Vortex Light Field Microscopy (VLFM) is a novel technique for 3D spectral single-molecule imaging that allows the nanoscale structures in cells to be imaged with high spatial and spectral precision. By adding an azimuthally oriented prism array to our previous single molecule light field microscopy, VLFM achieves simultaneous spatial and spectral localization on a single detector.
Located in the Department of Physiology, Development and Neuroscience, Anatomy building, Optical Development Lab
Technical Specifications
- Excitation lasers available at 405, 488, 561, 638 nm. The setup works with a broadband emission between 400-800 nm.
- Dichroic: Chroma, ZT405/488/561/640rpcv2
- Filters: Semrock, NF03-405/488/561/635E; Semrock, BLP01-647R-25
- Hamamatsu Flash 4.0 V2 (pixel size 6.5 μm) as well as a Photometrics Prime95B (pixel size 11 μm)
- HCImageLive (included with the purchase of a Hamamatsu camera)
- Pixel size in sample space = 184 nm
Capabilities
- Simultaneous 3D and spectral localisation, enabling multicolour 3D single particle tracking.

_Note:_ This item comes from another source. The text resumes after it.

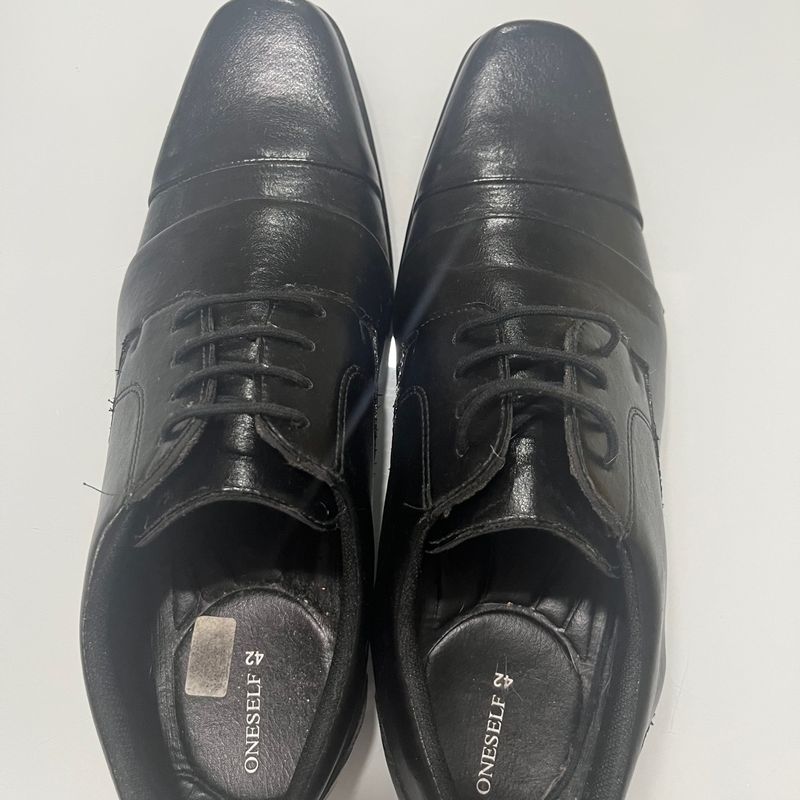 Oneself 2024 sapatos masculinos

- 25 nm spatial and 3 nm spectral precision over 4 μm depth-of-field.
- Small PSF footprint, allowing for higher imaging density than PSF engineering methods (such as double-helix and tetrapods).
- No registration between channels, as we only use a single detector.
Applications
- With DNA-PAINT for highly multiplexed super-resolution imaging.
- With smFISH for high-throughput RNA imaging
- With nano-barcoding for spatial proteomics study in neurons.
- Colocalisation analysis with or without FRET
- Monitoring the spectral fluctuations or environmental sensitivity of fluorescent probes.